Paper No. 1
Presentation Time: 1:00 PM

STUMBLING BLOCKS TO THE ACCEPTANCE OF IDEAS: BONE MINERAL AS A CASE STUDY


PASTERIS, Jill Dill, Department of Earth and Planetary Sciences, Washington University in St. Louis, 1 Brookings Dr., CB 1169, St. Louis, MO 63130-4899 and YODER, Claude H., Department of Chemistry, Franklin and Marshall College, Lancaster, PA 17603, PASTERIS@LEVEE.WUSTL.EDU

Science progresses as ideas are tested and as analyses confirm or refute specific statements and interpretations. Scientists typically assume that, through these means, the incorrect and the unsound are culled out, so as to bring the actual facts to light. In some cases, however, an observation that is irrefutably correct and also significant to a particular group of scientists is overlooked or not accepted by them. Not only is such an error irksome at the practical level to those in that field, but it also causes concern to the broader scientific community that wishes to avoid such systemic errors in judgment. Analysis of such mistakes may reveal flaws in the approach taken, and future errors can be avoided. The case study here concerns the mineral component of bone, which is a nanocrystalline form of hydroxylapatite [Ca10(PO4)6(OH)2] in which several weight percent carbonate substitute for the phosphate ion. The history of the discovery of the chemical composition and later the mineral structure of the inorganic salt in bone follows, as expected, the historic development of the field of chemistry.
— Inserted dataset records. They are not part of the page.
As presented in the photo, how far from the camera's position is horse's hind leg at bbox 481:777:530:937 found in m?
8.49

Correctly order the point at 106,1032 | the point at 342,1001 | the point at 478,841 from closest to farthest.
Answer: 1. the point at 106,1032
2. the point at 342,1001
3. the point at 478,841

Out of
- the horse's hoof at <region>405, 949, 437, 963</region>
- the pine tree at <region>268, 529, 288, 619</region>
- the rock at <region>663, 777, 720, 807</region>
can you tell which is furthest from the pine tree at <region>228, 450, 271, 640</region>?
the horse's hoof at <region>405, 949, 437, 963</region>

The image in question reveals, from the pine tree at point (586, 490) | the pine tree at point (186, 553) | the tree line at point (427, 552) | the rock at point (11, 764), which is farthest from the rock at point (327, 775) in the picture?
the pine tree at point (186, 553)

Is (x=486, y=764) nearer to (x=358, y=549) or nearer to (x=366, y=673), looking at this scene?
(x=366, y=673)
Interwoven with this story of increasing sophistication in determining the presence and stoichiometric proportions of elements in bone apatite, however, is a tale of the often-overlooked component water, H2O. The presence of structurally incorporated water in bone apatite, in addition to even greater amounts of simply adsorbed water, was documented 140 years ago. Over the intervening decades, repeated studies by researchers in such fields as inorganic chemistry, industrial synthesis, mineralogy, dental science, and spectroscopy further documented the presence of water within the structure of carbonated apatites produced at low temperature, including those that form bone. Yet, even today, there is no widely recognized review article on bone or its mineral component that lists water as a structural component of bone apatite. Among the possible reasons for this extreme example of oversight are (1) although it is medical researchers who typically investigate bone, the pertinent data in this bone issue came dominantly from non-medical researchers, and (2) medical scientists became lulled by the simple formula of the mineral hydroxylapatite, relying too heavily on the anhydrous nature of what was only the "model" mineral.